▸ **Data to use**
=== Begin Enclosure ===
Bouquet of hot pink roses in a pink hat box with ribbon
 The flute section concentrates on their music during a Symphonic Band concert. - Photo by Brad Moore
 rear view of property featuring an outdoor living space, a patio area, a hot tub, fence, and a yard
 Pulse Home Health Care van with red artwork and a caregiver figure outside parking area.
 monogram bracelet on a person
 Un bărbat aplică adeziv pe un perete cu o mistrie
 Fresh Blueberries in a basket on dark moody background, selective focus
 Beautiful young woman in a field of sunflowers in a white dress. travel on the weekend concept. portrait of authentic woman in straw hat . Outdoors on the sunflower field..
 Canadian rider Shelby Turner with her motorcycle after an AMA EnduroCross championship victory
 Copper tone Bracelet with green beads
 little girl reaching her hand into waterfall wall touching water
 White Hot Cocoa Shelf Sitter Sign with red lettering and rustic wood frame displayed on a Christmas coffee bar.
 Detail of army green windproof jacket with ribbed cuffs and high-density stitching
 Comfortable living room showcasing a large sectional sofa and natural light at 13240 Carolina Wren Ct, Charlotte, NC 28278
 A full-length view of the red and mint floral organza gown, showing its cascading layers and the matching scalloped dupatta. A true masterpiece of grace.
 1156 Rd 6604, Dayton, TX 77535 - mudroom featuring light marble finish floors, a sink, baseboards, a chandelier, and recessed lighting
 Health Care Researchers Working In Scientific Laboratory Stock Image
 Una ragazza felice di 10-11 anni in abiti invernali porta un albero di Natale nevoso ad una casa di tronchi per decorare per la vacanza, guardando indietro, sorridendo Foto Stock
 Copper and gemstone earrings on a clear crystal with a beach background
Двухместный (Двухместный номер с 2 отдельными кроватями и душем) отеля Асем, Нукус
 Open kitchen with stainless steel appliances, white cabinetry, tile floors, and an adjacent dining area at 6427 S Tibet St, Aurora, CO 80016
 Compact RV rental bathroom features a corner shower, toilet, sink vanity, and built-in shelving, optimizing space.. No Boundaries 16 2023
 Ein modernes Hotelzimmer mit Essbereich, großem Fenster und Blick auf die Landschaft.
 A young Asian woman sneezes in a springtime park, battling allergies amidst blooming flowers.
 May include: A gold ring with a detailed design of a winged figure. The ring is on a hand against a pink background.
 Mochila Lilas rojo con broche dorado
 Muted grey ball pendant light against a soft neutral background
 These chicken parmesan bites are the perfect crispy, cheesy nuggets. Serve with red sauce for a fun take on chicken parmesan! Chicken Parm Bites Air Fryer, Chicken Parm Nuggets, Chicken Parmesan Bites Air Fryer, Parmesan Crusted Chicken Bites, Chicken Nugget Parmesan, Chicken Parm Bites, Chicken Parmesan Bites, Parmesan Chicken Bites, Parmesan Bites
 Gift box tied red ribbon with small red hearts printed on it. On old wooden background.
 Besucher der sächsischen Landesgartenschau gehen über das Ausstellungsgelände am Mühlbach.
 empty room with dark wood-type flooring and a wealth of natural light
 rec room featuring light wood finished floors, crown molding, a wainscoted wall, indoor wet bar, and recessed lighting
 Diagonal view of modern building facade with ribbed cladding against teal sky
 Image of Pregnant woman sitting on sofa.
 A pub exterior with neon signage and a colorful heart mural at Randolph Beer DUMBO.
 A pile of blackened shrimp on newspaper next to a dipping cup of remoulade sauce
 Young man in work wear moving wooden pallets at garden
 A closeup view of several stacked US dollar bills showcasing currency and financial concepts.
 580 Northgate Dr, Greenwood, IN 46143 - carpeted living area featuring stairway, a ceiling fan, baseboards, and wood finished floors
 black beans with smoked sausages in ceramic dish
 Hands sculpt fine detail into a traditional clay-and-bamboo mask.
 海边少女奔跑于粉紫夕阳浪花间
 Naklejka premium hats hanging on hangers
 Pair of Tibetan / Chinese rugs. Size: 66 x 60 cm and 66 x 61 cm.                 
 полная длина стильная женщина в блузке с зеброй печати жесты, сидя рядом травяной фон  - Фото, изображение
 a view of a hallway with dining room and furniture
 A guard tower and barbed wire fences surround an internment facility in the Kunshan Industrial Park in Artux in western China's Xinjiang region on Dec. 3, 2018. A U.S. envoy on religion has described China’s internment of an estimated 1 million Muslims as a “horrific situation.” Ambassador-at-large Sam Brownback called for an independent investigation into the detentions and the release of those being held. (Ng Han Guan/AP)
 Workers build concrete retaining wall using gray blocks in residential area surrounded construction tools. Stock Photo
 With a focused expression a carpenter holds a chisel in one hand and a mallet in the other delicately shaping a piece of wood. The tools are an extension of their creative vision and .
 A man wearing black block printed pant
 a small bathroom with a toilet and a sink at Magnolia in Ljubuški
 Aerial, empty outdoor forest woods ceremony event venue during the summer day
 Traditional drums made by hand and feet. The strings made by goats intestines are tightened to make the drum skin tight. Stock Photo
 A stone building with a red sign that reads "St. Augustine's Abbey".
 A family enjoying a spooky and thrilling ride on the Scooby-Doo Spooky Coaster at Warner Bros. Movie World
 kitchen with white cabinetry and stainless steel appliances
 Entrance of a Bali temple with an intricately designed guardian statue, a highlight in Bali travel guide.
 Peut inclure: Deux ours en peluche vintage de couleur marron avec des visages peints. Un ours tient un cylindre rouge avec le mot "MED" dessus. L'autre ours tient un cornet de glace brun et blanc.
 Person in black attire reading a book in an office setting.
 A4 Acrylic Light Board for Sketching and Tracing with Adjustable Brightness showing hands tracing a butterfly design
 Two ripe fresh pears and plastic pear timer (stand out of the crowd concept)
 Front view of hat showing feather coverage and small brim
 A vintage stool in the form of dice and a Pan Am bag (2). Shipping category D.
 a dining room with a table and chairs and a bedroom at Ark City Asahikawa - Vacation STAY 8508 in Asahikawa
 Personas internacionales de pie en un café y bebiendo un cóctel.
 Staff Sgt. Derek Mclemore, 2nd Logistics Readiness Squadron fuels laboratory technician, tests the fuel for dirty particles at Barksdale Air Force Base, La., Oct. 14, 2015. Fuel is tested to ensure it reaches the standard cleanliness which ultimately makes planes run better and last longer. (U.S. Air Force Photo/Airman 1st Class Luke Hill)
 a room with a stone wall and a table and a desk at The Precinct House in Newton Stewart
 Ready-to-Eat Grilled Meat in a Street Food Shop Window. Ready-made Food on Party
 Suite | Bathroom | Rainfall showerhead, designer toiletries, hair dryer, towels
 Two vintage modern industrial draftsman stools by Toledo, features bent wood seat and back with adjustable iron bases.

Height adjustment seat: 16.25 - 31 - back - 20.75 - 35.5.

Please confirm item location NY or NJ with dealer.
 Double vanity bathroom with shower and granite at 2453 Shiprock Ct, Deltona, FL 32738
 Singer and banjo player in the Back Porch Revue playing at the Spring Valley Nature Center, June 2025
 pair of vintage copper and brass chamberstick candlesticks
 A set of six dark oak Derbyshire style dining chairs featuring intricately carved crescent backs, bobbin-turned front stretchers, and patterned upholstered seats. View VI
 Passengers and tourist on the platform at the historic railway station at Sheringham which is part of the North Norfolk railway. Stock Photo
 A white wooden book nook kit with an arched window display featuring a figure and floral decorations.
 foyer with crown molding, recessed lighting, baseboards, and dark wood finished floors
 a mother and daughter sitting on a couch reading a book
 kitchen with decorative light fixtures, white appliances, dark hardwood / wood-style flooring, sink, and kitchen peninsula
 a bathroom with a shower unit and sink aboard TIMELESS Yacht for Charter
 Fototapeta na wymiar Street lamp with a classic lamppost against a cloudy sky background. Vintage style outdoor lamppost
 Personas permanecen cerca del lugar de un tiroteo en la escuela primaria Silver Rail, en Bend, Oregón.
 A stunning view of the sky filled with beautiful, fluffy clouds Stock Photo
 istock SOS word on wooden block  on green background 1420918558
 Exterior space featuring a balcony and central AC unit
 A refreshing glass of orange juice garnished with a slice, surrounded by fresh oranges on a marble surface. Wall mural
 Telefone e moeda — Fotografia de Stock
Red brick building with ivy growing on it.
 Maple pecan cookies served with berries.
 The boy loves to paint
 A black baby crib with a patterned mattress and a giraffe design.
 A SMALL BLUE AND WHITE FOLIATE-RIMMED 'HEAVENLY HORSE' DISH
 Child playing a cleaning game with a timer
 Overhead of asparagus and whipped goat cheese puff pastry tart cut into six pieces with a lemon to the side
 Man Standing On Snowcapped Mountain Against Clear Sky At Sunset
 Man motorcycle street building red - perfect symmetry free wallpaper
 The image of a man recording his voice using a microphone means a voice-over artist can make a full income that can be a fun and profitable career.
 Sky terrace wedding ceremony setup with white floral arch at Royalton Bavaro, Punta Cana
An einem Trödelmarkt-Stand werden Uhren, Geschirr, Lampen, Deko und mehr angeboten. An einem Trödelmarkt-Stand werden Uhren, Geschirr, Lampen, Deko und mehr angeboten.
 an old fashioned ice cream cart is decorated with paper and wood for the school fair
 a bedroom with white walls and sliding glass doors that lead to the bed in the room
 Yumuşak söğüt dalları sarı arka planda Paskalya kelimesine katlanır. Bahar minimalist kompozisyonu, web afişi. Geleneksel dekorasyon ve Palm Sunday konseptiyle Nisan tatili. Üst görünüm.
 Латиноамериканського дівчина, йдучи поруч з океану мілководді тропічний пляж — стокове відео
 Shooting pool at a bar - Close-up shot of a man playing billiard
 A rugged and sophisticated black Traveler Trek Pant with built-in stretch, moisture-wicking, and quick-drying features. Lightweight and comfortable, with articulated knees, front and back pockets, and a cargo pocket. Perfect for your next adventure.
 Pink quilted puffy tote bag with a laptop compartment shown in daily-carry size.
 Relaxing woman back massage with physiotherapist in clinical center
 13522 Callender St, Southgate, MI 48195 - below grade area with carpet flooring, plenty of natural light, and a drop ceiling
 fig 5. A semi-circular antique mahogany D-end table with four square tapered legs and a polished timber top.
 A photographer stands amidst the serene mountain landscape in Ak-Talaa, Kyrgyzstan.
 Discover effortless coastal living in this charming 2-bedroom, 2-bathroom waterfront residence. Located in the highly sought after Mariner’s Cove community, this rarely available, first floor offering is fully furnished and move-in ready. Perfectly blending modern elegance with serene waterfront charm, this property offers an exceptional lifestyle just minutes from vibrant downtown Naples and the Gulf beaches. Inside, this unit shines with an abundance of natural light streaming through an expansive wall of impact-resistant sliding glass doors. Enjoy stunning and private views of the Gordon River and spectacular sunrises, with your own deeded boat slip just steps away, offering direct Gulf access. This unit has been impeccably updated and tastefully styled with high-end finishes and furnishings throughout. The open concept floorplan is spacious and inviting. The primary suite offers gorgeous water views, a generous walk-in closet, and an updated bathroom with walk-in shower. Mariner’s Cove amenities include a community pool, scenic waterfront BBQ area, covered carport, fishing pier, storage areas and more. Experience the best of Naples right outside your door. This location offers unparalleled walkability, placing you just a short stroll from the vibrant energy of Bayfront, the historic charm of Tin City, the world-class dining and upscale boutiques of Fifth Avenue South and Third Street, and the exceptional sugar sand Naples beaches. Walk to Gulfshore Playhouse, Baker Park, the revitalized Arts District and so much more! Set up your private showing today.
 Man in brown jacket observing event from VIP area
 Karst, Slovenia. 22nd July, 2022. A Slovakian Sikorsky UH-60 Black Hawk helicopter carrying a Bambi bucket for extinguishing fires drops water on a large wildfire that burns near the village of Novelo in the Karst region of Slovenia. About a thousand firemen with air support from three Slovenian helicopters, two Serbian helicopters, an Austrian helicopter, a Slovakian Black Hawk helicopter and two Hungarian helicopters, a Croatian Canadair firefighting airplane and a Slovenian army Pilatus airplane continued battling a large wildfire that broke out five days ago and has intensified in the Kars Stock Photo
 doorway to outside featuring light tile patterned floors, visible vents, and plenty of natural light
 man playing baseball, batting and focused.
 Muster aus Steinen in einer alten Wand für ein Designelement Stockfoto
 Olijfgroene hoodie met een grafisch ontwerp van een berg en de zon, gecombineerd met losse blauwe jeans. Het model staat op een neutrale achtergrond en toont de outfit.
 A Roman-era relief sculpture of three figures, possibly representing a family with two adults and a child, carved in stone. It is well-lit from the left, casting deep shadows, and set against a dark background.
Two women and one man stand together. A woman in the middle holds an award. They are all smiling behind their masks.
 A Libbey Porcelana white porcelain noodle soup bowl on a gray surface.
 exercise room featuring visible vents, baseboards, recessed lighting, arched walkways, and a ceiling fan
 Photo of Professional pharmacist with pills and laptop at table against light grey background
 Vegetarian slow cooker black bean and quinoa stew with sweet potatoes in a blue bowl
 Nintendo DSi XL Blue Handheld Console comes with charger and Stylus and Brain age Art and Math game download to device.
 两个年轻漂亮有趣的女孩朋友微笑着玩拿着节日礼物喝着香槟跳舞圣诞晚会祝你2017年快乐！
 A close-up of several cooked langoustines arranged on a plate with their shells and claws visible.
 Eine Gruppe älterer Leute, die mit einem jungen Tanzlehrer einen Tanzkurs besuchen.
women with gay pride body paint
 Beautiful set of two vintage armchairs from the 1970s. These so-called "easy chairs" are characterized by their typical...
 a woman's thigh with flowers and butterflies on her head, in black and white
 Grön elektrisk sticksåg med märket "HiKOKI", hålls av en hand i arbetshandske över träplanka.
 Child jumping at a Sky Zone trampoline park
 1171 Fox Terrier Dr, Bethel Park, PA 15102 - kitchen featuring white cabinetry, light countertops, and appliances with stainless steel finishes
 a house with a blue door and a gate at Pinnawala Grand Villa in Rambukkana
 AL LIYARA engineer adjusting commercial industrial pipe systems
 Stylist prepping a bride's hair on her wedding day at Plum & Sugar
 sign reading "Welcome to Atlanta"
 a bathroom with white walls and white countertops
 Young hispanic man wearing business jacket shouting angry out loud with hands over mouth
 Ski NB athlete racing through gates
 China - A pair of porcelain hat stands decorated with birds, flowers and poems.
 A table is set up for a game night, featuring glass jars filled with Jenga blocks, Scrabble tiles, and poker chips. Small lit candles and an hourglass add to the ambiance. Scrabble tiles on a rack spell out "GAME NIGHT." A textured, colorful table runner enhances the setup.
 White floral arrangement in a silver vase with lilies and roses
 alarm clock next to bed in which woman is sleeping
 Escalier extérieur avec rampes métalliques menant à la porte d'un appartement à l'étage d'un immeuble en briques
=== End Enclosure ===
▸ **Task brief**
Word for word, restate the lines of the listing above starting at the line with "a small bathroom" and ending at the line with "Traditional drums made", and nothing outside them.

▸ **Response for this exercise**
 a small bathroom with a toilet and a sink at Magnolia in Ljubuški
 Aerial, empty outdoor forest woods ceremony event venue during the summer day
 Traditional drums made by hand and feet. The strings made by goats intestines are tightened to make the drum skin tight. Stock Photo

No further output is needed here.